Given an array with n objects colored red, white or blue, sort them in-place so that objects of the same color are adjacent, with the colors in the order red, white and blue.

Here, we will use the integers 0, 1, and 2 to represent the color red, white, and blue respectively.

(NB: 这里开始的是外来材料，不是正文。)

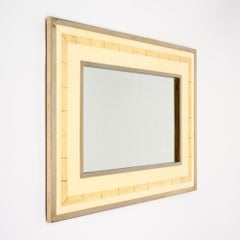 Mid-Century French Lucite and Chrome Mirror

Note: You are not suppose to use the library’s sort function for this problem.

Example:

Input: [2,0,2,1,1,0]
Output: [0,0,1,1,2,2]

Follow up:

• A rather straight forward solution is a two-pass algorithm using counting sort.
  First, iterate the array counting number of 0’s, 1’s, and 2’s, then overwrite array with total number of 0’s, then 1’s and followed by 2’s.
• Could you come up with a one-pass algorithm using only constant space?

Reference Answer

思路分析

這道題本身不難，難點在要求一次遍歷完成排序。

這道題不允許使用排序庫函式。那麼最直觀的解法是：遍歷兩遍陣列，第一遍對0，1，2計數，第二遍對陣列進行賦值，這樣是可以ac的。但題目的要求是隻使用常數空間，而且只能遍歷一遍。那麼思路就比較巧妙了。設定兩個頭尾指標，頭指標p0指向的位置是0該放置的位置，尾指標p2指向的位置是2該放置的位置。i用來遍歷整個陣列，碰到0把它和p0指向的數交換，碰到2把它和p2指向的數交換，碰到1繼續向後遍歷。有點類似快速排序的分割陣列這一步。

class Solution:
    def sortColors
 
(self, nums):
        """
        :type nums: List[int]
        :rtype: void Do not return anything, modify nums in-place instead.
        """
#         if not nums:
#             return []
#         temp_list = [1 for i in range(len(nums))]
#         min_index = 0
#         max_index = len(nums) - 1
#         for x in nums:
#             if x == 0:
#                 temp_list[min_index] = 0
#                 min_index += 1
#             if x == 2:
#                 temp_list[max_index] = 2
#                 max_index -= 1
#         for index in range(len(nums)):
#             nums[index] = temp_list[index]
        
        if not nums:
            return []
        start_index = 0
        end_index = len(nums) - 1
        index = 0
        while index <= end_index:
            if nums[index] == 2:
                nums[end_index], nums[index] = nums[index], nums[end_index]
                end_index -= 1
            elif nums[index] == 0:
                nums[start_index], nums[index] = nums[index], nums[start_index]
                start_index += 1
                index += 1
            else:
                index += 1
        

Note:

• 本題在所含元素已知的前提下，完成一次遍歷排序的思想很值得借鑑，即設定頭指標p1，尾指標p2，i用來遍歷整個陣列，碰到0把它和p1指向的數交換，碰到2把它和p2指向的數交換，碰到1繼續向後遍歷。有點類似快速排序的分割陣列這一步。